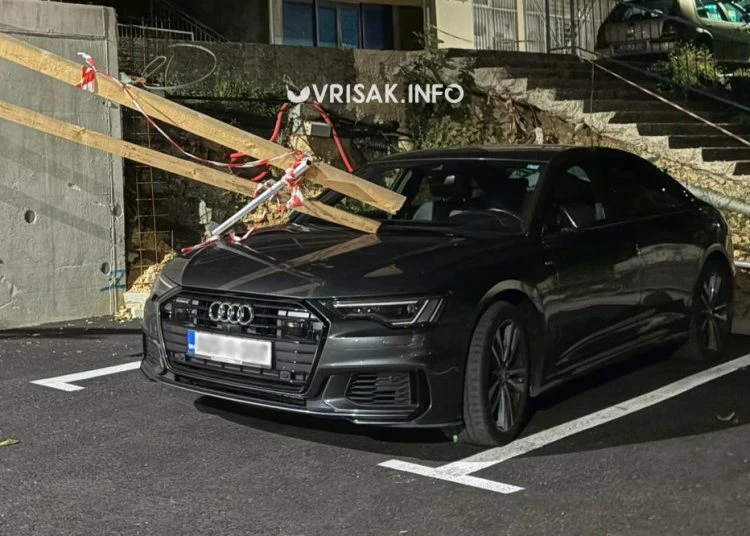 Ograda pala na automobil u Širokom Brijegu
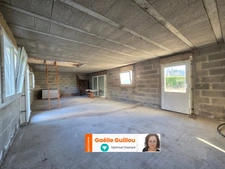 PLOUGOULM : Maison +  Extension + Hangar au calme à 2 pas de la mer - 1420m²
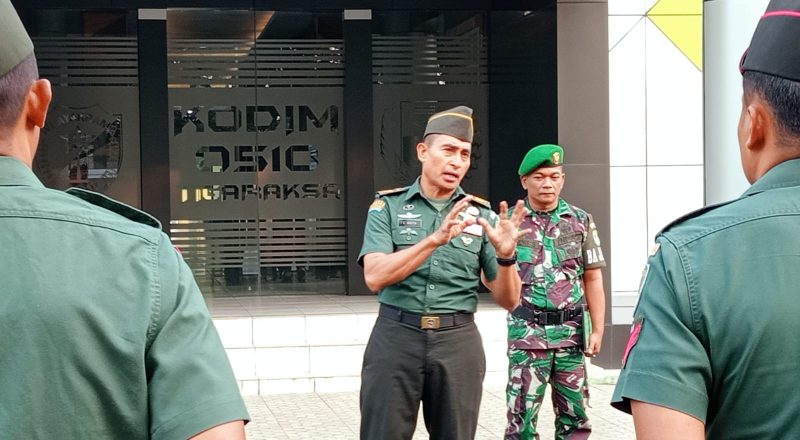 Foto: Pasi Ops Kodim 0510/Tigaraksa Kapten Inf C.Noya, Saat Menyampaikan Pesan ke Anggota di Kegiatan Apel Pagi.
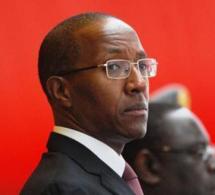 Abdoul Mbaye doit-il démissionner? Abdoul Mbaye doit-il démissionner?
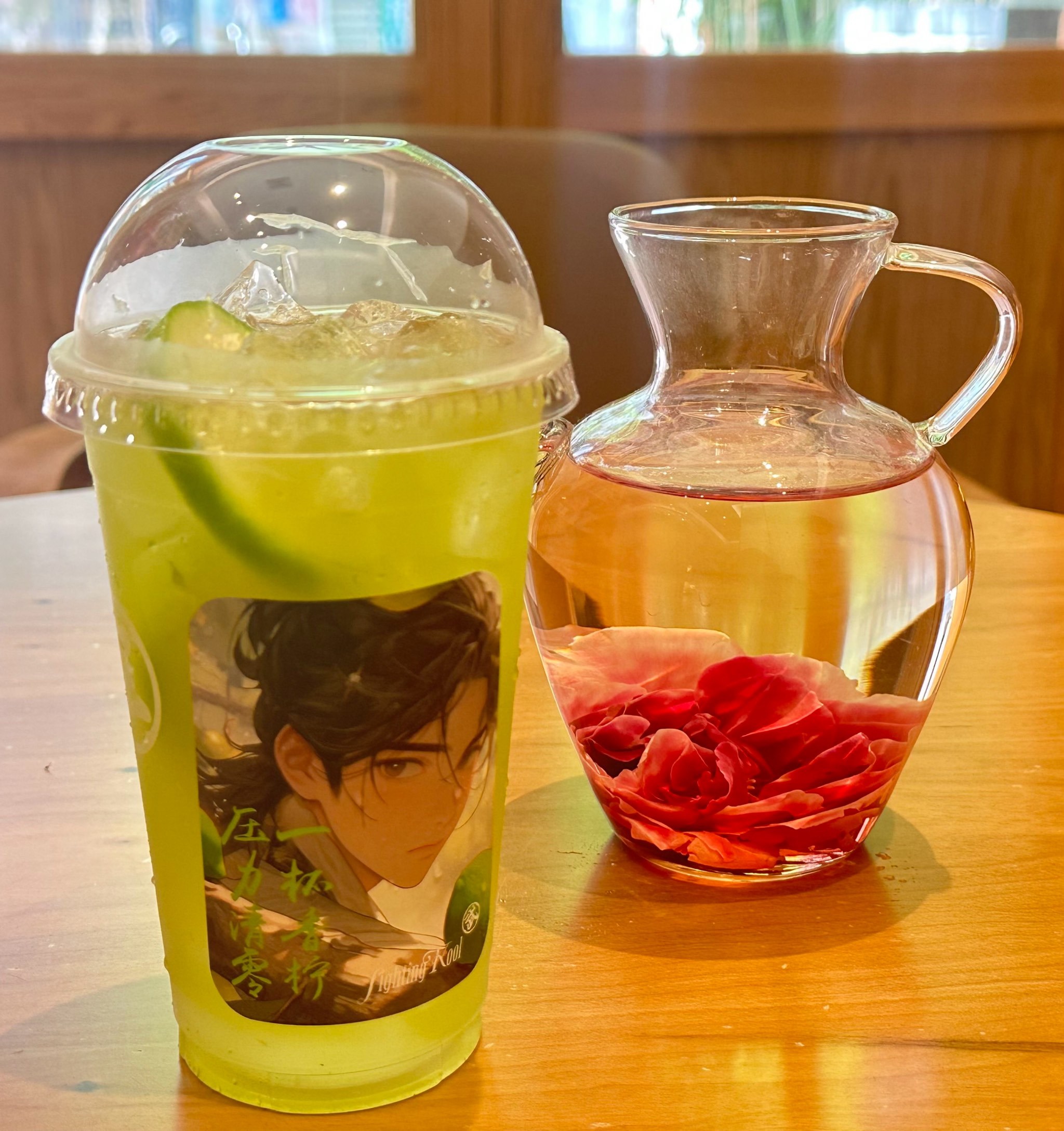 独坐幽篁里,听风叹息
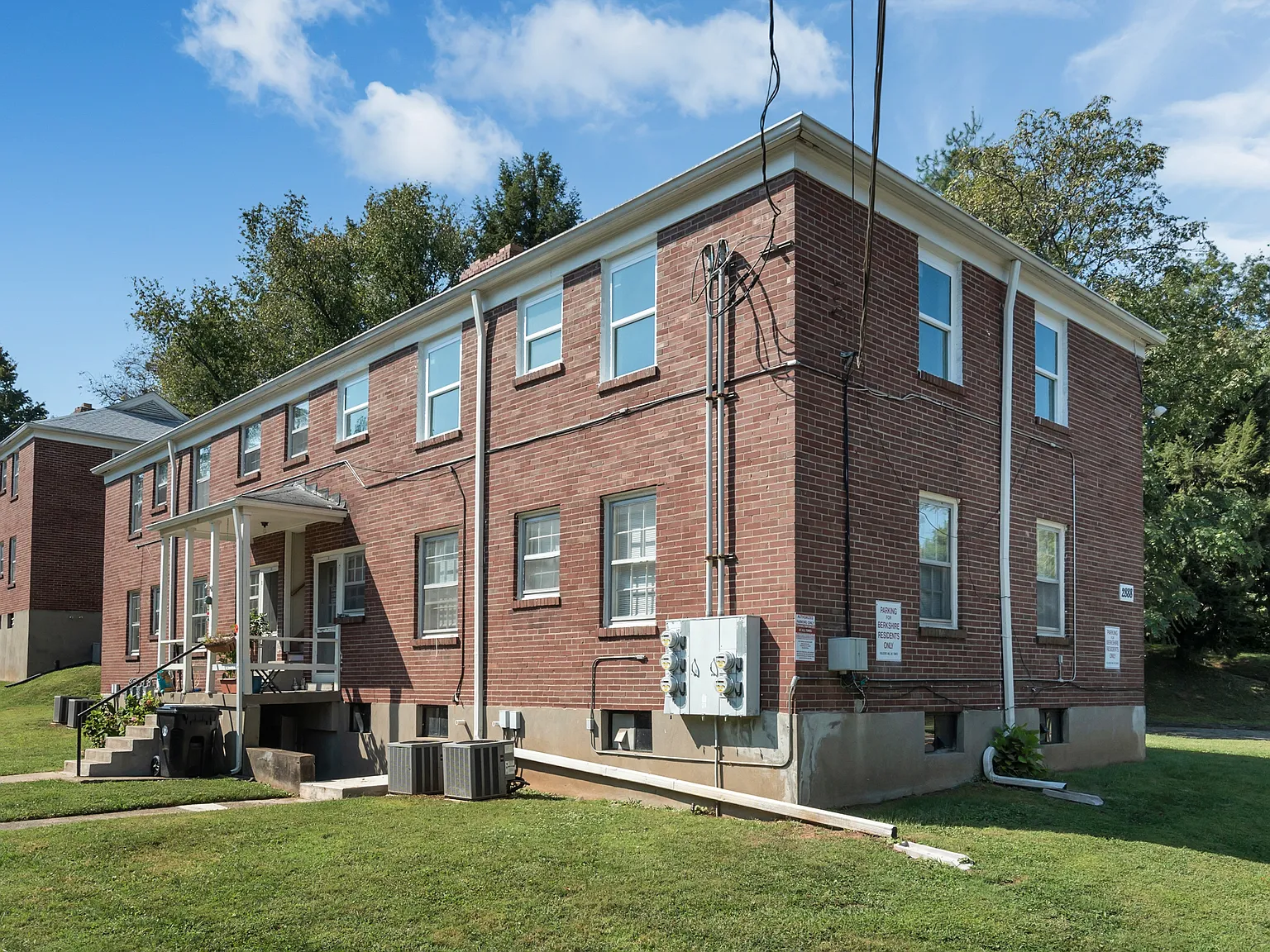Berkshire Apartments — Photo 2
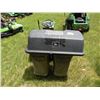 Image 2 : John Deere LX178 mower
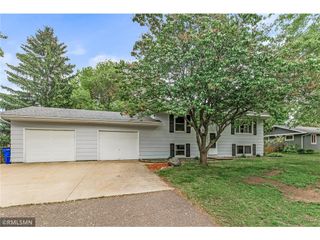 806 Oak Ridge Drive, Osceola, WI 54020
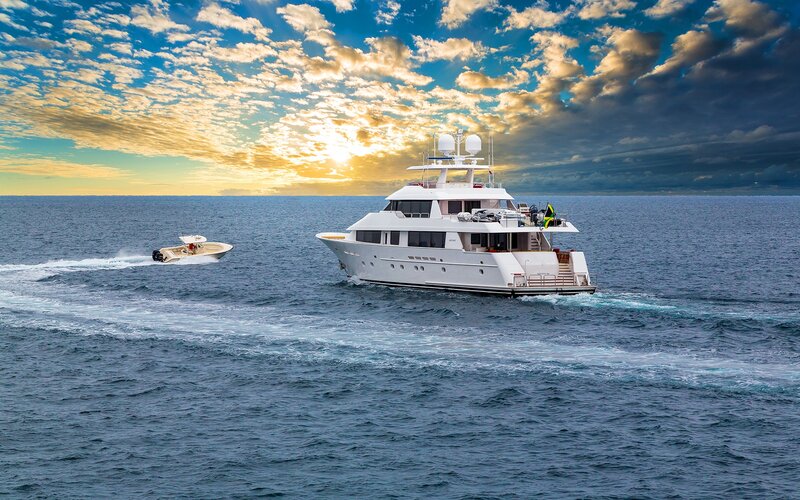 Yacht and Speedboat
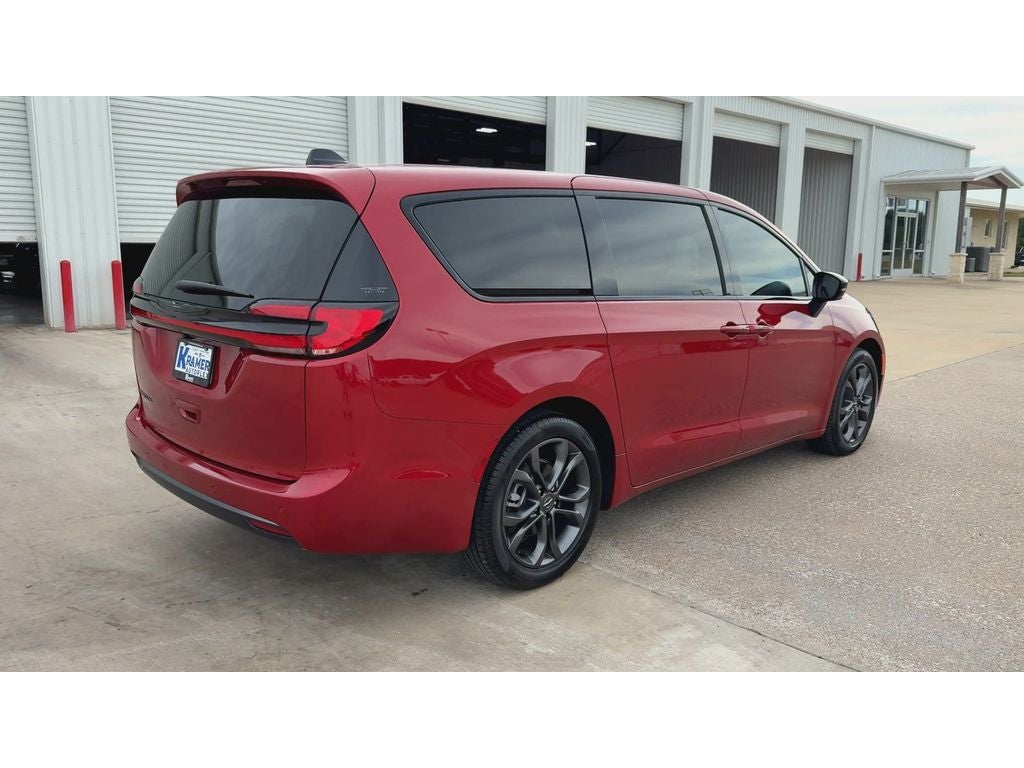 2026 Chrysler Pacifica Select - Photo 8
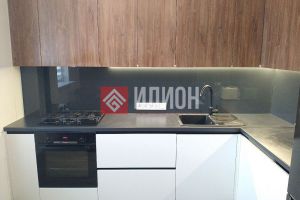 Продам квартиру 2-х комнатную с общей площадью 57м2, 8/9 эт., на улице Батурина, г. Симферополь , Крым авт. респ., Россия, агентство Илион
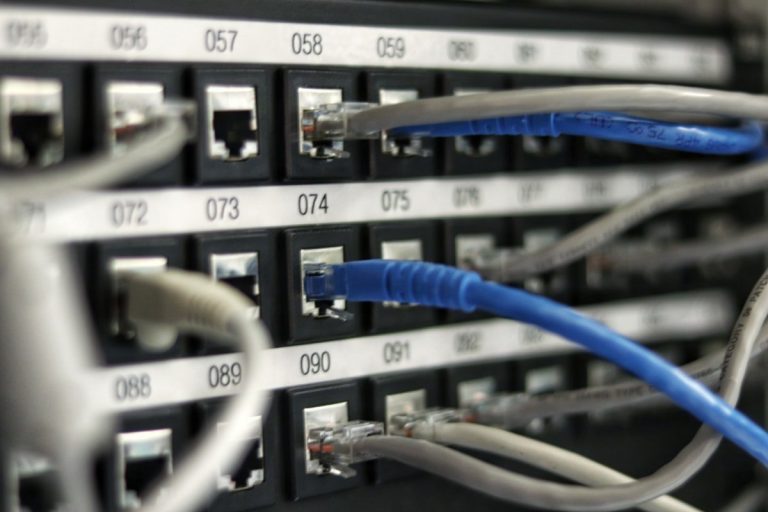 Kỹ thuật viên thao tác thiết bị trong phòng server dữ liệu
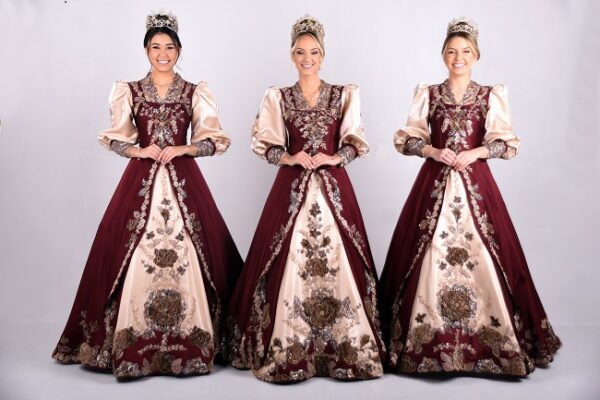 Soberanas da 41ª Oktoberfest apresentam trajes oficiais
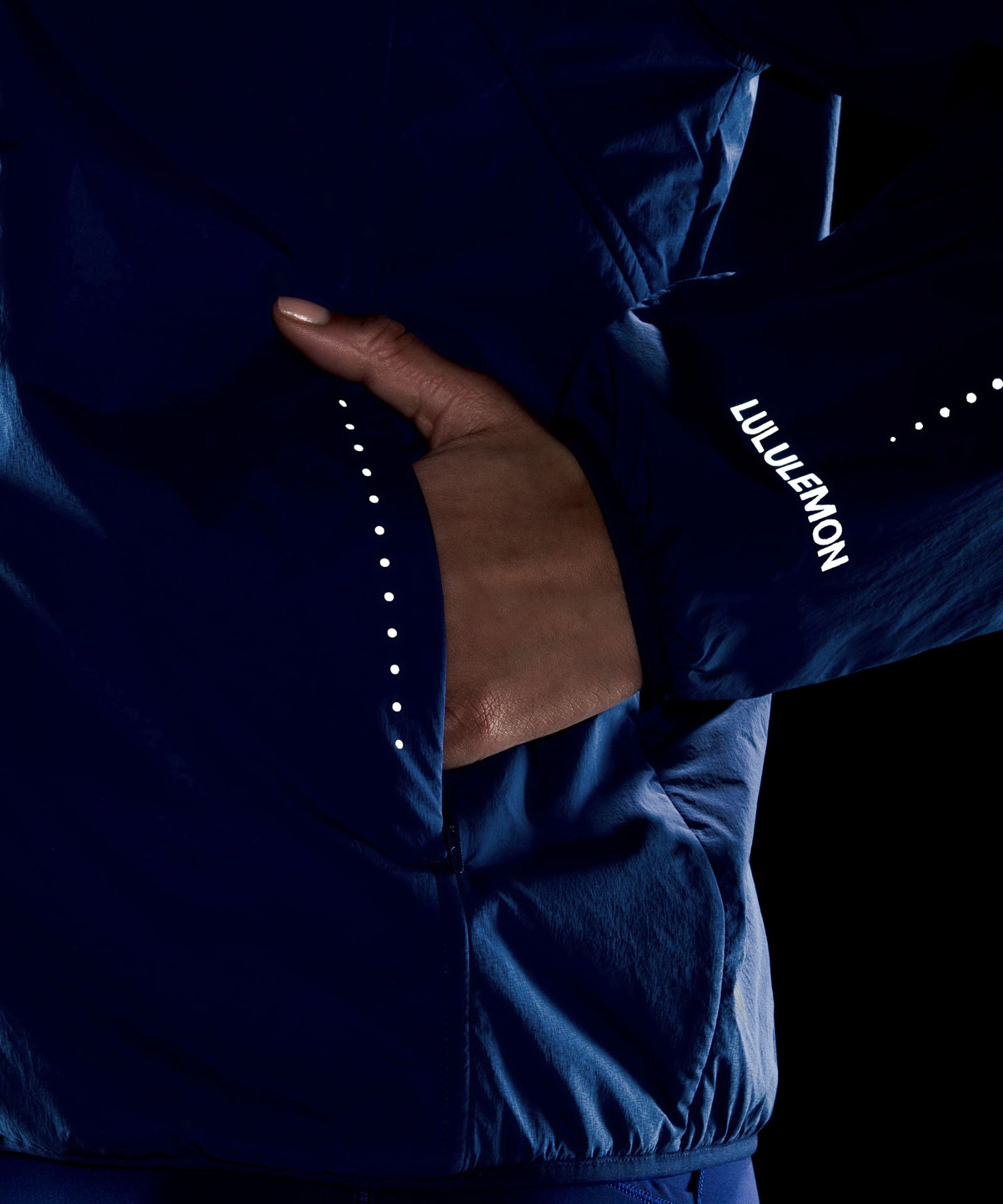 Женская беговая куртка Lululemon Insulated с утеплением — фото 8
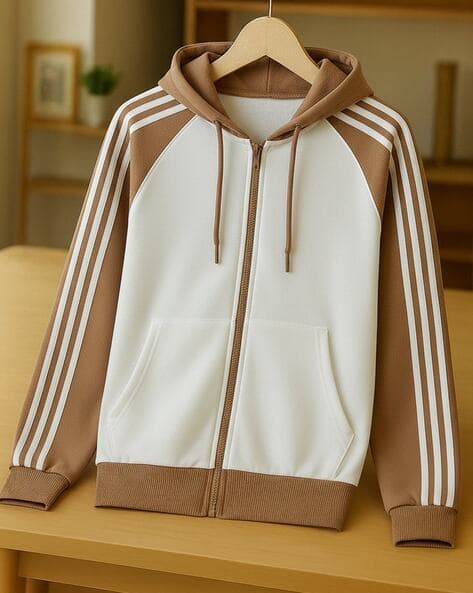 Men Colourblocked Regular Fit Hooded Sweatshirt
^^^^^^^^^^^^^^^^
• _TASK DIRECTIONS_
What's needed is an exact copy of every entry, free of pictures.

• _FINISHED TASK_
 Ograda pala na automobil u Širokom Brijegu
 PLOUGOULM : Maison +  Extension + Hangar au calme à 2 pas de la mer - 1420m²
 Foto: Pasi Ops Kodim 0510/Tigaraksa Kapten Inf C.Noya, Saat Menyampaikan Pesan ke Anggota di Kegiatan Apel Pagi.
 Abdoul Mbaye doit-il démissionner? Abdoul Mbaye doit-il démissionner?
 独坐幽篁里,听风叹息
Berkshire Apartments — Photo 2
 Image 2 : John Deere LX178 mower
 806 Oak Ridge Drive, Osceola, WI 54020
 Yacht and Speedboat
 2026 Chrysler Pacifica Select - Photo 8
 Продам квартиру 2-х комнатную с общей площадью 57м2, 8/9 эт., на улице Батурина, г. Симферополь , Крым авт. респ., Россия, агентство Илион
 Kỹ thuật viên thao tác thiết bị trong phòng server dữ liệu
 Soberanas da 41ª Oktoberfest apresentam trajes oficiais
 Женская беговая куртка Lululemon Insulated с утеплением — фото 8
 Men Colourblocked Regular Fit Hooded Sweatshirt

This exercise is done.